Sometimes this means setting a once-beloved story aside. I have had many ideas that touched my heart, yet I never found the right spark to write them. For whatever reason, I think they will continue to be set aside. It's just true that not all stories will make it, even when we love them as we write them. Maybe later, but then, maybe not.
The one thing I can't seem to do, though, is completely give up on a story. So instead of shoving it in a black garbage bag to send off to a metaphorical Goodwill, I save it to a Skeleton Folder, a sort of file for all the odds and ends and leftovers. And every now and then, an idea comes to me, and I know somewhere in the Skeleton Folder, there will be something that can flesh it out.
SINS OF THE HEART started out in just that way. A contemporary scene I couldn't use was set aside until one day it merged with an abstract idea in a historical setting. Something out of the Skeleton Closet fleshed out. And Merritt and Juliette stepped up and became real.
What do you have in your writing closet that needs cleaning out? Can you re-cycle it? Up-date it? Should you put it in your Skeleton Closet in hopes of using it another day?
5 Comments:
I really need to take heed of this post. I have so much negativity and "You are a fluke and a hack." soul sapping baggage in my mental closet I need an exorcist or an exterminator to get rid of it!
I have to keep reminding myself that I have only been at this for three years and there are people out there who have been at it for dozens of years and not made it yet. Not always easy to do.

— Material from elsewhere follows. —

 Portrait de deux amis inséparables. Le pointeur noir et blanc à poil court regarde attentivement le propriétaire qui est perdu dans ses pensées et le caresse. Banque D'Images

I am actually taking a four day holiday from work to gear myself up to write as much of my third novel as possible, to reorganize my writing space and to get this house in shape so that I will come home from Hell-Mart and be energized enough by my environment to instantly change into the writer and get some damned work done. I have so many stories outlined and I just know they are good, but I spend too much time doing everything BUT writing.
So this Saturday, Sunday, Monday and Tuesday everyone send up positive thoughts that I can exorcise the negativity and get geared up for a great writing spring and summer, hopefully followed by a contract in the fall!
Thanks for the great post! I am struggling with the third MS and really wondering if it is worth the effort, but I am finishing my revisions and querying it as soon as I am done. Let the publishing world say no. I'll be on to the next book.
But I am also like you. I can't toss my first book at all and it has tons of mistakes and head hopping. I loved the characters and I keep thinking, one day I will go in and fix it and make it right. So it's in a box in my closet along with the other 3 books--many in various stages of revision LOL.
It really amazes me, Louisa, how we can go confidently in to our day jobs expecting to do our work and not requiring genus of ourselves, but with our writing we tell ourselves anything less than great majesty is trash.
Writing is a job. Just because it's a very creative one and sometimes is extremely inspiring doesn't mean it always is. Most of the time we're simply doing our work of telling stories. If every minute of every story were an awe-inspiring miracle, I have the feeling people would get really weary trying to read our work.
A timely and excellent post, Delle! I have a WIP that I'm pulling out and working on, realizing that I told the reader too much, too soon!
Best wishes, Louisa on that writing fest!
I think I've recycled "Chapter 1, Scene 1" at least 3 times. I've come to the conclusion that while it's a lousy beginning for whatever I'm writing, it gives me a running start. I get further in, then go back and delete that opener. Maybe someday it'll match what happens next.